The recent spike in interest rates and attendant interest rate increase "panic" has helped create some bargains in the business development company (BDC) sector. BDCs are generally "regulated investment companies" (RICs) and operate under special tax and regulatory provisions and are generally subject to tax rules under which the BDC pays no federal income tax but must pay 90% of income to shareholders who are, in turn, required to pay taxes on the BDC dividend at the ordinary income tax rate rather than the lower rate generally applicable to corporate dividends. BDCs are also subject to certain limitations on their investments. Most BDCs invest primarily in loans to middle market and small-cap companies. Leverage is limited to a debt level equal to net equity. No BDCs actually failed during the Crash although some took a nasty hit due to problem loans and tightening credit conditions, which forced liquidation of assets at a loss.
I generally emphasize Net Asset Value (NAV) in looking at BDCs. NAV is simply the total fair value of all assets minus liabilities. Loans are generally marked to fair value so that non-performing loans are discounted. BDCs, which are stuck with low interest rate loan assets generally can redeploy into higher interest rate loans in a reasonable time period because most BDC loans are relatively short term. Thus, NAV provides a good measure of BDC value in most cases and, over a reasonable time period, provides a useful benchmark for estimating potential earnings. BDCs often have sizable equity holdings and fair value estimates of those holdings are more problematic and volatile. However, a big enough discount to NAV provides the investor with a helpful margin of error in this regard.
With respect to American Capital (NASDAQ:ACAS), Gladstone Investment (NASDAQ:GAIN), and MVC Capital (NYSE:MVC), the table below provides Friday's closing price, the low price during the past week, NAV, the current discount to NAV and dividend yield. All data is based on recent SEC filings and information from corporate websites.
|Price 6/7||Week's Low||NAV||Discount||Yield|
ACAS has made an election to discontinue being a RIC with respect to tax status and has not been paying dividends. MVC's NAV as of the end of the last fiscal quarter was $16.29 but I have made additions due to share repurchases and the sale of a substantial asset for more than book value since that date. GAIN pays monthly dividends which may be attractive to some investors.
Each of these companies has its own story to tell.
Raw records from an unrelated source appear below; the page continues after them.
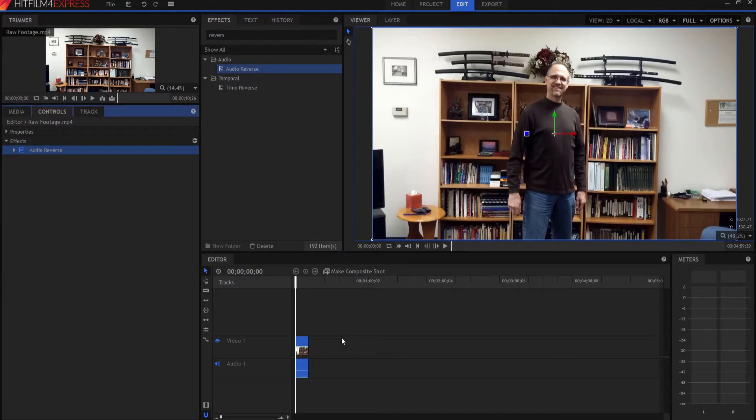And it's that simple. And now we have an exact reversed footage that we started off with.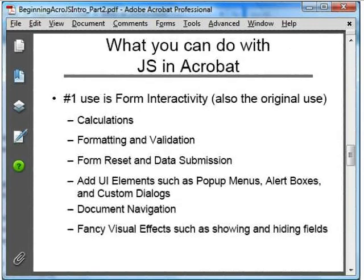So, what specifically can we do with scripting in Acrobat? The number one use is, of course, for forms — performing calculations, formatting and validating data entered into fields, resetting and submitting forms. But there are also many other uses that are not specifically related to forms, such as displaying alerts to the user, navigating within a document, displaying any number of specialized user interface items like menus and pop-up boxes, and for creating visual effects like changing the background color of a form field. Plus many other types of actions — just about anything you might want an interactive document to do.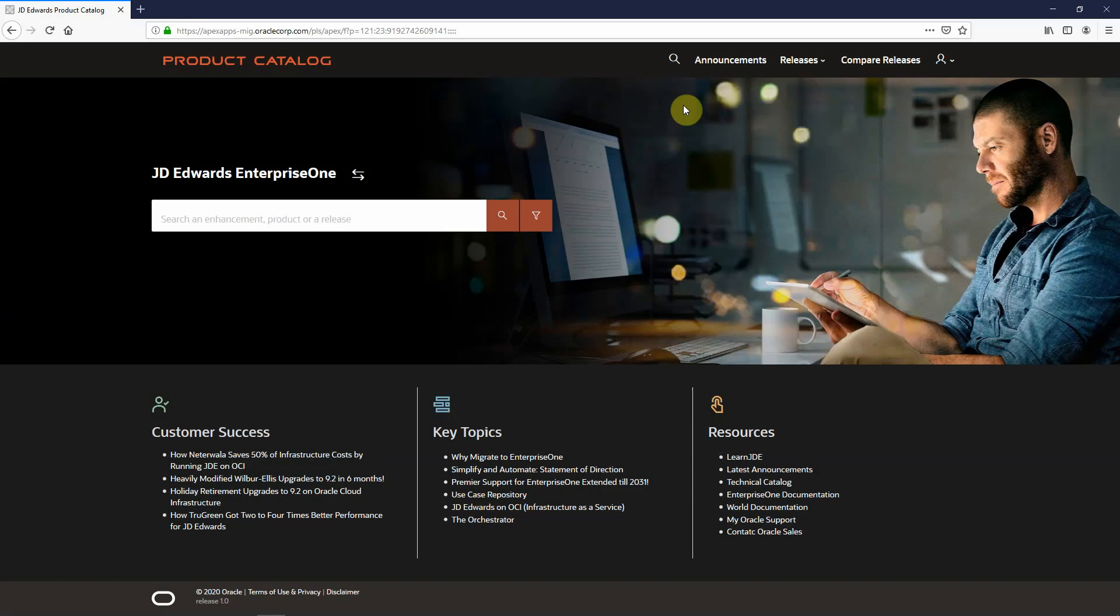Today we are reviewing the new Product Catalog applications. J.D. Edwards customers use Product Catalog to learn about new features and enhancements delivered by Oracle for both J.D. Edwards Enterprise One and J.D. Edwards World. As many of you know, Product Catalog can easily be accessed from LearnJD.com.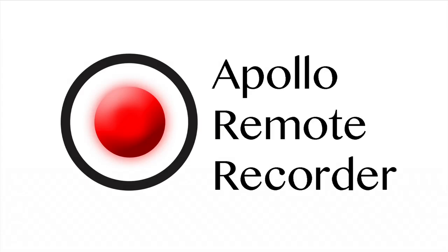Apollo Remote Recorder from SecretBase Design lets you easily combine iOS synthesizers and desktop DAWs. In this video, we'll give you a quick overview.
ACAS, which I have recently analyzed in more detail here, has an investment management arm and there may have been some concern that the value of this asset could be diminished as agency mortgage REITs run into problems due to rising interest rates. ACAS's subsidiary gets paid based on assets under management and so is somewhat insulated from the day to day vagaries of the market. On the other hand, assets under management have increased in recent years due to public offerings of equity and this avenue for growth may become more problematic as rates increase. ACAS has been fairly aggressive buying back shares and NAV has steadily increased in recent quarters. At some point, ACAS will very likely resume dividends and this may be a factor in pushing the price up to NAV.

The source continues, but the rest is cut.